Le Conseil d’État précise quand un PLU peut imposer un matériau patrimonial : ciblage du bâti, nécessité, proportionnalité et recours.

Conseil d’État, 13 juillet 2026, Association des propriétaires de chaumières en Brière, n° 507489, mentionné aux tables du recueil Lebon

 

Dans quelles conditions le PLU peut-il imposer un matériau déterminé ?

L’affaire concernait le PLUi de la communauté d’agglomération de la région nazairienne et de l’estuaire. Son règlement imposait la conservation du toit en chaume pour deux catégories de bâtiments précisément identifiés et localisés : les « chaumières patrimoniales » et les « chaumières identitaires ».

Le Conseil d’État rappelle que les articles L. 151-19 et R. 151-41 du code de l’urbanisme permettent au règlement du PLU d’identifier des immeubles présentant un intérêt culturel, historique ou architectural et de fixer des prescriptions destinées à assurer leur conservation. Ces prescriptions peuvent aller jusqu’à imposer un matériau constituant une composante caractéristique du bâtiment.
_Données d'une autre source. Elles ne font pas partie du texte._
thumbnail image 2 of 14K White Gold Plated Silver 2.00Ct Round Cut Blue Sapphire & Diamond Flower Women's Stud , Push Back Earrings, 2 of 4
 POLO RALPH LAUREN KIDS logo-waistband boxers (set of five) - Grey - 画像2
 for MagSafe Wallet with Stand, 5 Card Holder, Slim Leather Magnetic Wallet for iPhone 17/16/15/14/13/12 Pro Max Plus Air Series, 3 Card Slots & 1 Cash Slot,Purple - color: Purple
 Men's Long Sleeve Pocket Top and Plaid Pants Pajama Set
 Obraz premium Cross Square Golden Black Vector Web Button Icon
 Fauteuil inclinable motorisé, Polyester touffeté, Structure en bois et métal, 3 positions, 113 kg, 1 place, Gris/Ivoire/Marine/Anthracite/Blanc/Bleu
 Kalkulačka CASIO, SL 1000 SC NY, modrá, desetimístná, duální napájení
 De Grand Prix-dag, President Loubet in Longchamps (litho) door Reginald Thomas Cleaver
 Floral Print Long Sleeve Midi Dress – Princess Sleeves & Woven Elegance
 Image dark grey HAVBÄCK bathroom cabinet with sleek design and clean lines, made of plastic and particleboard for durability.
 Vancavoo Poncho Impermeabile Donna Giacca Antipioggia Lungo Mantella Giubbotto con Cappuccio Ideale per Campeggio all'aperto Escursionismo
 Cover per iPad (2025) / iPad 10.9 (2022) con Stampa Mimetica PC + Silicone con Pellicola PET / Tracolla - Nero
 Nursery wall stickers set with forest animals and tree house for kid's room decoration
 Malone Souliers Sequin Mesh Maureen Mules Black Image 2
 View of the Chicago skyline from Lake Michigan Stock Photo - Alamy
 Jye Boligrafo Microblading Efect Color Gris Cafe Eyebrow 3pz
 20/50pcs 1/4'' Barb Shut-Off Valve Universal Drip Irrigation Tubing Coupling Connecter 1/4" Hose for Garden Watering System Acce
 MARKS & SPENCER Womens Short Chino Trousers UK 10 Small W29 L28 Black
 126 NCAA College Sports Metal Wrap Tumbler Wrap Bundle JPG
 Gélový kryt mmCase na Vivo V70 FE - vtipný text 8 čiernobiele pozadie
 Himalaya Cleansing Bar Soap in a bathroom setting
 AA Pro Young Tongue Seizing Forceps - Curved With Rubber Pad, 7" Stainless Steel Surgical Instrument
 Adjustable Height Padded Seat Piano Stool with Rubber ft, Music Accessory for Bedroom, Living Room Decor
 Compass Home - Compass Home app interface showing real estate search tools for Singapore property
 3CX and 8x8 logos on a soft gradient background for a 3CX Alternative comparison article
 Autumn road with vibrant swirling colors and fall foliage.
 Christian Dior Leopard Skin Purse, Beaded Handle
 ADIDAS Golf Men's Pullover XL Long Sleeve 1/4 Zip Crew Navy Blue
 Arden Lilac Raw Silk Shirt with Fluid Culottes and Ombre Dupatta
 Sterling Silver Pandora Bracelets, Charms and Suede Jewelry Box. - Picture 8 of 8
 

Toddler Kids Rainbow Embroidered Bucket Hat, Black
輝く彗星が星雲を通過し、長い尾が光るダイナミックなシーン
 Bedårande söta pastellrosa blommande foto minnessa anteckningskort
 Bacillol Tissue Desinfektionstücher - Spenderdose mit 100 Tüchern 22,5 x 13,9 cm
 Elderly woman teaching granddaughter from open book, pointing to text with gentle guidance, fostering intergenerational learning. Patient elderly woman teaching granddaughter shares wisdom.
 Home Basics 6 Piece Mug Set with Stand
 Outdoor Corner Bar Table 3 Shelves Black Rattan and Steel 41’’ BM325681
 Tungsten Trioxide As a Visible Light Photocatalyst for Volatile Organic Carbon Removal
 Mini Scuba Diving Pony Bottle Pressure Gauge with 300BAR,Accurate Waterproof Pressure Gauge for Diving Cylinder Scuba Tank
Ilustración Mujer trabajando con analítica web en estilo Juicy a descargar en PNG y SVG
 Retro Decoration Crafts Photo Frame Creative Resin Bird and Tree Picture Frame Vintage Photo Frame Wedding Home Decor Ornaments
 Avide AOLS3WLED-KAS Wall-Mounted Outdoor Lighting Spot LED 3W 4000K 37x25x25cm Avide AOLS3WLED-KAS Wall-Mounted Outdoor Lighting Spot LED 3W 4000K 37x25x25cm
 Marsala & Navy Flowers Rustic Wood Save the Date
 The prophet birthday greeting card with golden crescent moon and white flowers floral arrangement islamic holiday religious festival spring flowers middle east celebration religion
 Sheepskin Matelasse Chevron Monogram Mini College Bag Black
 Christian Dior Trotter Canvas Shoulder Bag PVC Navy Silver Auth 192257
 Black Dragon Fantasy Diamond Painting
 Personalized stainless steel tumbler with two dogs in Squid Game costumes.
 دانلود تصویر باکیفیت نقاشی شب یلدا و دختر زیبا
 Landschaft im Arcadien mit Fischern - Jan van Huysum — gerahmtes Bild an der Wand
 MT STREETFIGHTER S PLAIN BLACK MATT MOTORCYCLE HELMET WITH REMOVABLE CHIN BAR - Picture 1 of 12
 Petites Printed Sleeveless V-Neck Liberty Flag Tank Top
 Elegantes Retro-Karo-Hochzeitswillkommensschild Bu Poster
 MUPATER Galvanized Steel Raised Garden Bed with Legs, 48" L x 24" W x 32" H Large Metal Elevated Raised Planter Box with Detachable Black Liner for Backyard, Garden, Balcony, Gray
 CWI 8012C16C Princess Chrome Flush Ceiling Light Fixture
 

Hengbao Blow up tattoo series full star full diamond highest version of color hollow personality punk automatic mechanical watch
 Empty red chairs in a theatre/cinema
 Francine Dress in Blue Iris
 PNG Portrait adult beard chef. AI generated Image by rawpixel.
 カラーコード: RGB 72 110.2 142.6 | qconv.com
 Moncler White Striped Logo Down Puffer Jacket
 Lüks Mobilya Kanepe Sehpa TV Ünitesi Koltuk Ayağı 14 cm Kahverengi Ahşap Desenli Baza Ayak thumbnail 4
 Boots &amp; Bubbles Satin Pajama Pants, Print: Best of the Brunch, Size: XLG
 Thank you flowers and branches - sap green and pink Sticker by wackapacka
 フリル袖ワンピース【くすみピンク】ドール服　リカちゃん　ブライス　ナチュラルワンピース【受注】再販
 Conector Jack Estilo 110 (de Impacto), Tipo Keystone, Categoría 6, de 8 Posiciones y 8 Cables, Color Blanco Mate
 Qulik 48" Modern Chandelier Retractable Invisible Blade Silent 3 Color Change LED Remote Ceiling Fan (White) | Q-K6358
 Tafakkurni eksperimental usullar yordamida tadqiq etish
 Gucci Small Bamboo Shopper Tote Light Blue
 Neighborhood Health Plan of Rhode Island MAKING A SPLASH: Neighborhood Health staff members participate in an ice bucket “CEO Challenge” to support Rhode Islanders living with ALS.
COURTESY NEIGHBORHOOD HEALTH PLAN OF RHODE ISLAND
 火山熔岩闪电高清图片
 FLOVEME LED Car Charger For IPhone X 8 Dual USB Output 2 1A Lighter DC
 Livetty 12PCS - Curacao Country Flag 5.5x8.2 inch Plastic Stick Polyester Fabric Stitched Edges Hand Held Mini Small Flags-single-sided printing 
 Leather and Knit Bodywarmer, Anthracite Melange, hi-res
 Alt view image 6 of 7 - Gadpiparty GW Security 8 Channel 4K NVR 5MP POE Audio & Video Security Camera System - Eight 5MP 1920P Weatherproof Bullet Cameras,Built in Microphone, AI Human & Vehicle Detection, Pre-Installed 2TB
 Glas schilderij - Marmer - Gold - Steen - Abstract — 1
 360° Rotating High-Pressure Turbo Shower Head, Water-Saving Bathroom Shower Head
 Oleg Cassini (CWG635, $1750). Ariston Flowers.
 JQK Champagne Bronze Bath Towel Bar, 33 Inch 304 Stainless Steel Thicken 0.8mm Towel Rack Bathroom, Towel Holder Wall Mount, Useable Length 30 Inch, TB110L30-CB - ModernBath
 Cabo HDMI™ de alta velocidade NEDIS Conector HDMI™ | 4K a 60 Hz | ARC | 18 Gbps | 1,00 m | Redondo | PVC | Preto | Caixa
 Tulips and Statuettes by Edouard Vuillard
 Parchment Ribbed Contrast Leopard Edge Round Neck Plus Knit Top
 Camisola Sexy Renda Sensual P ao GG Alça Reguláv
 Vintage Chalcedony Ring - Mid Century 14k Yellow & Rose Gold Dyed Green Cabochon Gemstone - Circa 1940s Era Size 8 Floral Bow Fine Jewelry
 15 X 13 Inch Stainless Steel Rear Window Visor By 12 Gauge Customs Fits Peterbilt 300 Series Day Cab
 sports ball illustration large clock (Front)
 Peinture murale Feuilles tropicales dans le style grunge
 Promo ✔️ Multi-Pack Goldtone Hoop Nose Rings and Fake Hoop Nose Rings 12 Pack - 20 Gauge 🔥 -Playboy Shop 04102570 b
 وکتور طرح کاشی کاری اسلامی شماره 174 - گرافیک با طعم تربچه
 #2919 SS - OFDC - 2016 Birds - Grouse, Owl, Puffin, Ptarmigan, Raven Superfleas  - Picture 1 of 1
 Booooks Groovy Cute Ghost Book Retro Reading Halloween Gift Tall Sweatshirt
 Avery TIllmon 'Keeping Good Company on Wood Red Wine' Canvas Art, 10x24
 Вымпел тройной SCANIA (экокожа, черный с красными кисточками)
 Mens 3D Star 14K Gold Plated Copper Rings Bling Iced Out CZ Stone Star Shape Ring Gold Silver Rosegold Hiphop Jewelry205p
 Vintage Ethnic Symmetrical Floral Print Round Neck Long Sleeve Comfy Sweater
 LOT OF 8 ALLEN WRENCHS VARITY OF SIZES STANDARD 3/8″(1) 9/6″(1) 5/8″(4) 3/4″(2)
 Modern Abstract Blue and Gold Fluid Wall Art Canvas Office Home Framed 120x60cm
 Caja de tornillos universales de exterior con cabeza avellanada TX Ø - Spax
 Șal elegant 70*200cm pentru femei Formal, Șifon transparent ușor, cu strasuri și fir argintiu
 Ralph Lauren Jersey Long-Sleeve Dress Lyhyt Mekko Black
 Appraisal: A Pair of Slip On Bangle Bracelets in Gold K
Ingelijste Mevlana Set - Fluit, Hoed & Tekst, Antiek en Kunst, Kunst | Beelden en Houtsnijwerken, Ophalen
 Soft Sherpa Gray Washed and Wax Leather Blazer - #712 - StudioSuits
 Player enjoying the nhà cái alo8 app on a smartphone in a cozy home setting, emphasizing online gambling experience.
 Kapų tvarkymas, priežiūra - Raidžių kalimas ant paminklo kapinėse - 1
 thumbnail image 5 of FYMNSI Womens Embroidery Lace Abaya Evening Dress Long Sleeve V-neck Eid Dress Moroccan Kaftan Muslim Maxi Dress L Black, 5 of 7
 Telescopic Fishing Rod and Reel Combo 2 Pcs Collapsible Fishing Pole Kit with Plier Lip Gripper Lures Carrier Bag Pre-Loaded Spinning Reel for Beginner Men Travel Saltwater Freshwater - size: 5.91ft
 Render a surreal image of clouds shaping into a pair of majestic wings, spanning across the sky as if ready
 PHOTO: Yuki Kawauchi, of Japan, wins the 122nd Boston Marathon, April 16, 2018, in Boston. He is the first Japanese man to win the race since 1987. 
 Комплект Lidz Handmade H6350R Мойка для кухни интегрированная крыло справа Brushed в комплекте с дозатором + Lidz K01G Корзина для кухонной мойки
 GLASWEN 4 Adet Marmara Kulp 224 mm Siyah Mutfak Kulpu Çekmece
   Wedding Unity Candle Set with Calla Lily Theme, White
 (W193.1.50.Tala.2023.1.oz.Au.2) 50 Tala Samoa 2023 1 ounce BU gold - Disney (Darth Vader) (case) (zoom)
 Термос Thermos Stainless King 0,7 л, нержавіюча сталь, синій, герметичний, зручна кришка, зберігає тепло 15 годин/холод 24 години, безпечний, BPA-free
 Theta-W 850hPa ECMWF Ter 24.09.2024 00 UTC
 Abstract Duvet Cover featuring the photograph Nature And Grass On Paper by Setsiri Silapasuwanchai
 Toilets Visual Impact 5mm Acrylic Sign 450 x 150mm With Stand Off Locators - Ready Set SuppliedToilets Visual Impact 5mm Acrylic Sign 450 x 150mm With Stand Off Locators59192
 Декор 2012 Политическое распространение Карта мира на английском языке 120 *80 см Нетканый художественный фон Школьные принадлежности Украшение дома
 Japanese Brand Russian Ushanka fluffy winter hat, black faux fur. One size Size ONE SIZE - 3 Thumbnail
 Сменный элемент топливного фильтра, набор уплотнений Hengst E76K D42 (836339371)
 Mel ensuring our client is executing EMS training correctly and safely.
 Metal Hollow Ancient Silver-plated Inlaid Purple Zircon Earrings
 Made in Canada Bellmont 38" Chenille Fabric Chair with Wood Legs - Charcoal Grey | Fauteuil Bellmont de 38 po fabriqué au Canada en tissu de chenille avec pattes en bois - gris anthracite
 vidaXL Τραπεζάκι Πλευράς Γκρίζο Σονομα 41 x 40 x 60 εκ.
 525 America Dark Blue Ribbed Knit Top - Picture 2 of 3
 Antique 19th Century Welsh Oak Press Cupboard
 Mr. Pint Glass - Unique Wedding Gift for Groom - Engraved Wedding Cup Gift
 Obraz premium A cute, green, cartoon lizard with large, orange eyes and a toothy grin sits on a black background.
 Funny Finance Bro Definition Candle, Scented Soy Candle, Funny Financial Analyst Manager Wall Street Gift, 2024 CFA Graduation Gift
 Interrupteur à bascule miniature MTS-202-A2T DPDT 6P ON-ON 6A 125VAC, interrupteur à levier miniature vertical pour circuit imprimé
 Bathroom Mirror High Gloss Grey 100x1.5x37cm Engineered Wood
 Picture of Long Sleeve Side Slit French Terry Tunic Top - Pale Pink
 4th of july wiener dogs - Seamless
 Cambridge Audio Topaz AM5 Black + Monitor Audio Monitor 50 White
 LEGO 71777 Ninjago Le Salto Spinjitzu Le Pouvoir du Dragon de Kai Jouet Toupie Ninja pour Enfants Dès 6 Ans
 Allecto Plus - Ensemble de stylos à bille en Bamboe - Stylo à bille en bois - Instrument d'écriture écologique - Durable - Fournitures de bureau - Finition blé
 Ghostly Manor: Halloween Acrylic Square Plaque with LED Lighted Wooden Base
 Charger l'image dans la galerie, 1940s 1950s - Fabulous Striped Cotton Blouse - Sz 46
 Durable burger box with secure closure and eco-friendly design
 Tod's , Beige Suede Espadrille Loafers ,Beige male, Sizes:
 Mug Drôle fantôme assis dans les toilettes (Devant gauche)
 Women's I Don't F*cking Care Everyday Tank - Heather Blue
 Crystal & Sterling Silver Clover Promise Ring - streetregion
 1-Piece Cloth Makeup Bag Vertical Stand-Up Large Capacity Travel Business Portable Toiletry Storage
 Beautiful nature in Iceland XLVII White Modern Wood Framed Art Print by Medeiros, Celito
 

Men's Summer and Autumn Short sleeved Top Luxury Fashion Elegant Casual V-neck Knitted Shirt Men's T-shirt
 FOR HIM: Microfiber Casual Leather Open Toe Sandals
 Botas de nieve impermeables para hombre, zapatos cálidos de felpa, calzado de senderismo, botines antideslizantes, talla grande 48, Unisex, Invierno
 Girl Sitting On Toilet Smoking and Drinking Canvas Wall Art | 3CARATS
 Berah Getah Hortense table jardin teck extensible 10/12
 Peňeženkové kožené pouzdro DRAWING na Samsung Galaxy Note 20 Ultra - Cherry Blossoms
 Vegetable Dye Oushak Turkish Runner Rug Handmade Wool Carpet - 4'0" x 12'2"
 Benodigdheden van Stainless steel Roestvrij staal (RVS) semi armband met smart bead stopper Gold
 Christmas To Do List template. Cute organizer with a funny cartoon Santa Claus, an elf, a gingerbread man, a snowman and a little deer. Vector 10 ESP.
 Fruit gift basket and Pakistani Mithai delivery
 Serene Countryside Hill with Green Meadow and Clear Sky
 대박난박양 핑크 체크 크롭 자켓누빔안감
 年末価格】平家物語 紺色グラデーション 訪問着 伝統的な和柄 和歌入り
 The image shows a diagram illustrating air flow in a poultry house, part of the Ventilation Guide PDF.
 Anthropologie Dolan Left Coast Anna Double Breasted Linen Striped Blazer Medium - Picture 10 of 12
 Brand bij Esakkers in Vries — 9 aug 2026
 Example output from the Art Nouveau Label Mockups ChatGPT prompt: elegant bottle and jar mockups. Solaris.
Cette faculté est toutefois strictement encadrée. L’identification du patrimoine, sa délimitation et les prescriptions retenues doivent être proportionnées et ne pas excéder ce qui est nécessaire à l’objectif de protection. Surtout, le Conseil d’État pose une condition particulièrement forte : un matériau déterminé ne peut être imposé que s’il constitue le seul moyen permettant d’atteindre l’objectif poursuivi.

 

Quelles vérifications effectuer avant de contester la prescription ?

Dans l’affaire jugée, le Conseil d’État valide l’obligation de conserver le chaume. La prescription ne concernait que les bâtiments précisément identifiés dans le règlement graphique et, pour ces immeubles, le chaume apparaissait comme le seul moyen d’atteindre l’objectif de conservation poursuivi.

Le juge ajoute que l’absence de norme technique propre au chaume, l’absence de filière locale et le surcoût important invoqué par les propriétaires ne suffisaient pas, dans les circonstances de l’espèce, à rendre la prescription disproportionnée. Cette solution ne signifie donc pas qu’un PLU puisse librement imposer n’importe quel matériau : la collectivité doit être capable de démontrer à la fois l’intérêt patrimonial du bâtiment, le caractère ciblé de la mesure et sa nécessité.

Pour le propriétaire, la contestation doit commencer par quatre vérifications concrètes : le bien est-il précisément identifié ? Quel intérêt patrimonial est invoqué ? Le matériau imposé est-il réellement caractéristique ? Existe-t-il une solution moins contraignante permettant d’obtenir le même résultat de conservation ?

Lorsqu’un recours direct contre une délibération ou une décision administrative demeure ouvert, le délai contentieux de droit commun est en principe de deux mois à compter de sa notification ou de sa publication, sous réserve des règles particulières applicables au contentieux considéré. Lorsque la difficulté apparaît ultérieurement lors d’une autorisation d’urbanisme, les voies de contestation doivent être appréciées en fonction de l’acte concerné et de la situation procédurale.

Pour la collectivité, la sécurité juridique passe par un inventaire précis du patrimoine, une motivation documentaire de l’intérêt architectural et une analyse des solutions alternatives avant de retenir une prescription particulièrement contraignante.